> **What is being asked**:
Across all the records, filter for lines with the word "Card" and copy them.

> **Data in this exercise**:
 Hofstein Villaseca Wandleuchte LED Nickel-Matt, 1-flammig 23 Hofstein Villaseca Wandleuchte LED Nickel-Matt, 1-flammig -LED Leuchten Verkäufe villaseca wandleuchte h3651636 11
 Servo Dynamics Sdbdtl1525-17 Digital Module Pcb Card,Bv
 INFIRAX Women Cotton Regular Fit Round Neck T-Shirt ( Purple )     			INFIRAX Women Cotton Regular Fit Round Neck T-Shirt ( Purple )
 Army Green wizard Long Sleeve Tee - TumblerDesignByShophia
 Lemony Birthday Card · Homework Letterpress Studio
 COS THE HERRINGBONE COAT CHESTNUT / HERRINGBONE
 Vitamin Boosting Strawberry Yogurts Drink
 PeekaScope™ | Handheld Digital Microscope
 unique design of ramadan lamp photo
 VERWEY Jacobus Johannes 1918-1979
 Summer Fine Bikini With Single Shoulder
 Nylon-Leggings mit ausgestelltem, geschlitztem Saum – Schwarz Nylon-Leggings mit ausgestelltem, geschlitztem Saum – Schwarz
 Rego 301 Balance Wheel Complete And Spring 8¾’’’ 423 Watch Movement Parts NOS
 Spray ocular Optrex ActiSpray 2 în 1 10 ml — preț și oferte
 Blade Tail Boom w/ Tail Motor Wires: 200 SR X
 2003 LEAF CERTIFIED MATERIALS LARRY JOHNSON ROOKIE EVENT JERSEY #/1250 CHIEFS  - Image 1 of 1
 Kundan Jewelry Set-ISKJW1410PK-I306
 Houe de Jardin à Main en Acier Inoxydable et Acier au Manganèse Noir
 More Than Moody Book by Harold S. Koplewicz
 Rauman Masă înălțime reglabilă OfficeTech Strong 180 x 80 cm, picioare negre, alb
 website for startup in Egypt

> **Result for this task**:
 Servo Dynamics Sdbdtl1525-17 Digital Module Pcb Card,Bv
 Lemony Birthday Card · Homework Letterpress Studio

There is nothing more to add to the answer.